Many maps have a compass or a small drawing in the legend to help identify the directions north, south, east, and west.
Students will learn to use north, south, east, and west to identify relative locations and provide directions.
Illustration 3, showing a map of the park.
Explain to the students that a direction is the point toward which something faces. For example, when you ask all the students to face forward, forward is a direction. Also, when you ask everyone to look up, up is a direction.
Explain to students that north is at the top on most maps. Put illustration 3 on the floor with north oriented properly. Have the students sit around the illustration. Point out the star located in the center. Demonstrate how directions such as "forward," "up," "right," etc., are ineffective when trying to plan movement on a map. To walk over to the dinosaur slide, students on one side might say "move right," while students on the opposite side will say "move left." Explain how maps use a much more effective set of directions: north, south, east, and west. West is the direction in which the sun sets. When facing west, north is to the right, south is to the left, and east is behind.

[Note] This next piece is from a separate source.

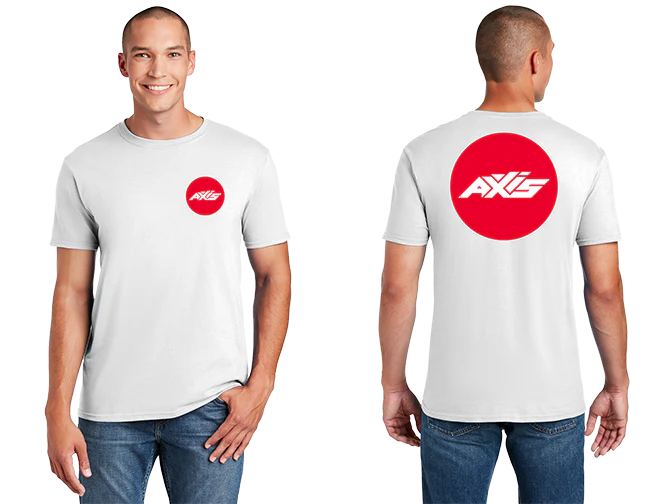 AXIS Foils Red Circle T-Shirt - Image 3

Show the students where north, south, east, and west are marked on the illustration. Demonstrate to the students that to walk over to the dinosaur from the star, one would have to go east. Ask them which direction you would walk to go over to the barn? (west)
Introduce the idea of directions between two points. Point out that not everything is directly north, south, east, and west of another point. Introduce students to additional directions-northeast, southeast, southwest, and northwest. Ask the students if they were standing on the star and looking at the carousel, what direction they would be looking? (southeast) Ask the students to help Nikki's mother get to the pasture where Nikki landed the balloon. Choose different locations on the map where Nikki's mother might be, then ask questions about which direction she would travel to go from that location to the pasture.
Talk about relative location. Explain how we can use north, south, east, and west to talk about where one place on a map is in relationship to another. Demonstrate to the students that one place is north of another. Do the same for south, east, and west. Examples: the bridge is ________ of the dinosaur (north); the food tent is ________ of the carousel (west).
Reproduce Activity sheet 2 for each discussion and student. Have them select a site for a picnic in the park and mark the location with an X. The students should then provide (north, south, east, west) directions for someone at the north gate to get to the picnic site. For example, go south to the first path. Turn east and continue to the tower. At the tower turn south and meet me under the tree! Next, have students note the relative position of the picnic site to the star in the center. In our example, the picnic site is northeast of the star.